Titles
When I was in college, I joined a committee that once gave me the task of making guest speakers' introductions. I would be handed someone's resume and from there, I had to glean enough information that would be read by the emcee.
This would have been a piece of cake except that the resumes that were handed to me were pages and pages long filled with all sorts of achievements that I didn't know where to begin. So, I learned to compromise and pick out the information that I found interesting. I'd namedrop a school if it was a school I knew. I'd throw in an award if it sounded prestigious. Then, I'd pepper the paragraph with little trivia that would (I thought) make the person memorable. And of course, I'd make sure that there was a title in there somewhere. At that time, I remember thinking that one day I wanted to have a resume as stellar as the ones I read, so that if by chance, I happened to get introduced, someone would have something memorable to say about me, too.
Now that I have grown older (and hopefully wiser), I find that resumes don't really impress me much at all. What I do find impressive is when I meet someone who is very accomplished but doesn't at all care about his accomplishments. I've met geniuses who are humble, millionaires who are simple. And powerful people who are gentle. People like these do not make the mistake of confusing what they have (whether it is intelligence, money, title or prestige) with who they are. By the world's standards, they should be considered better then most men and women. But they never let you feel it. Probably because they never think about it that way. Of course, I'm only guessing since I'm neither a millionaire, a genius nor a prominent person.

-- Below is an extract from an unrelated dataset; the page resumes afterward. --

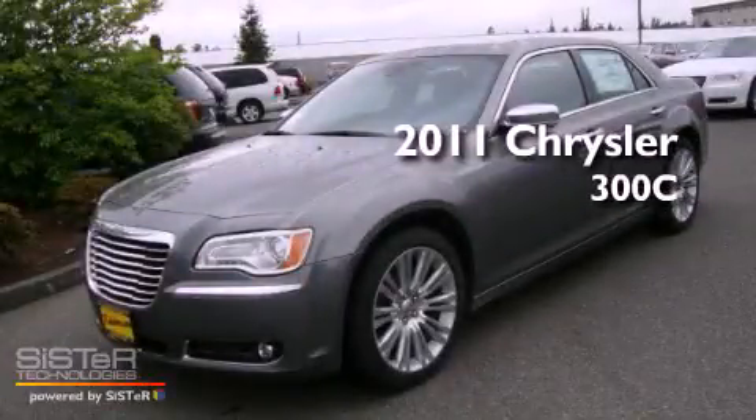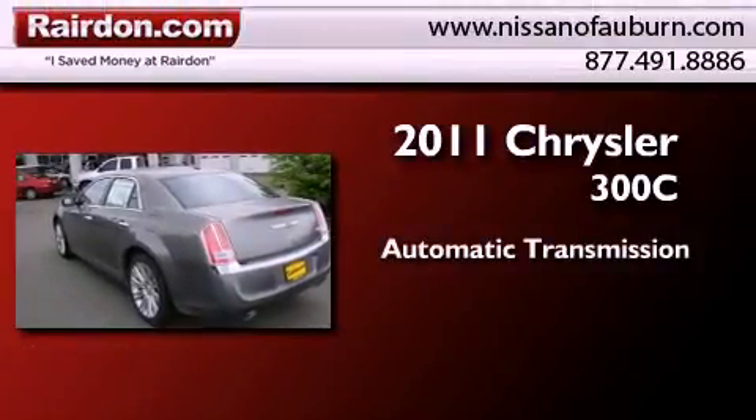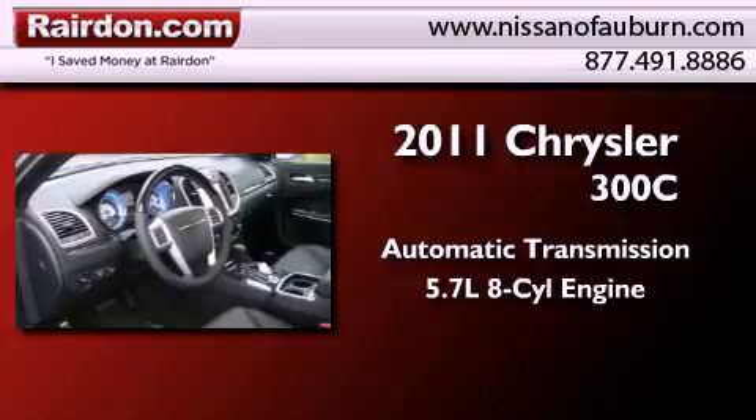This is a brand new 2011 Chrysler 300C. This four-door sedan has an automatic transmission and a 5.7-liter V8.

That means my resume would definitely be far from stellar. No awards here. No fancy degrees from a fancy school. No interesting trivia that would make me memorable. No titles to impress anyone. So you can well imagine, that when I do get introduced to people, they just get the basics. My name gets attached to some position, degree, or school. Sometimes, it's trivia that makes for a good five-minute round of small talk. My college self would have been miffed about this fact. My adult self, however, does not get affected at all. Well, except maybe, for one particular kind of introduction.
Even I must admit, that the one introduction that manages to fill me with pride is when any one of my former students introduces me to someone else and says: "This is Ms. Toledo. She is MY teacher." Notice the emphasis on "my." I'm not just talking about a casual Oh-yes-I-was-in-her-class kind of thing. I'm talking about the pride-in-voice-with-matching-grateful-look kind of introduction. And that just about makes my heart melt. It doesn't happen often but when it does, I know that with this child, at least, I have made a difference. This one, at least, takes pride in my being his or her teacher as much as I take pride in having him or her as my student. And with this one, my choice to pursue a longer class list than a longer resume, is validated.
My 20-year-old self could not have understood what I realized when I became a grownup. And it is this: no matter how many degrees I earn (or do not earn), no matter how many responsibilities I hold (or do not hold), the ultimate measure of my success in my career is not how much I have achieved, earned or displayed, it's how much I have loved and how much I have taught others to love. So if I get introduced as "Ms. Toledo" for the rest of my life, that will be just fine.